O Partido Verde já foi composto por ativistas insurgentes na cena política. Agora os membros fundadores da geração de 68 começam a se aposentar, enquanto os apoiadores do Partido Pirata são mais jovens e familiarizados com a internet, uma mistura de eleitores de primeira viagem e membros desencantados dos demais partidos.

Já houve dores do crescimento, especialmente quando no mês passado o líder da bancada no legislativo berlinense, Martin Delius, declarou à "Der Spiegel" que "a ascensão do Partido Pirata é tão rápida quanto a do NSDAP [partido nazista] entre 1928 e 1933".

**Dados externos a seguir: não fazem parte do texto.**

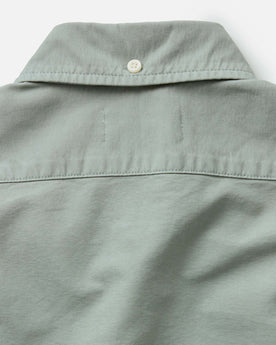 material shot of the back collar on The Jack in Surf Green Oxford, Wovens by Taylor Stitch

Esse é o tipo de comentário que deixa o sistema político ainda mais desconfiado em relação aos recém-chegados, com suas referências ao game World of Warcraft e suas onipresentes garrafas de Club-Mate, bebida alemã à base de ervas que é muito popular entre hackers e nos lugares de música eletrônica.

A comparação com os nazistas foi particularmente inoportuna porque simpatias ultradireitistas de vários membros do Partido Pirata recentemente vieram à tona, motivando um debate nacional sobre se o avassalador crescimento do partido -as filiações mais do que duplicaram, superando as 29 mil, desde a eleição de setembro em Berlim- não teria atraído para o grupo muitos elementos radicais marginalizados.

Embora Olejak trabalhe com tipos gráficos, ele diz que as fontes do material partidário são escolhidas por uma comissão on-line. Um dos seus companheiros contou ter mergulhado em leis e análises jurídicas para se tornar um especialista em direito autoral.

São pessoas que leem aqueles longos avisos de privacidade, enquanto nós culpadamente clicamos "OK" e tentamos esquecer quando postamos fotos íntimas de parentes e amigos num site destinado a gerar lucros para uma corporação.

Para eles, a política e suas milhares de páginas de legislação são realmente as letras miúdas do contrato social.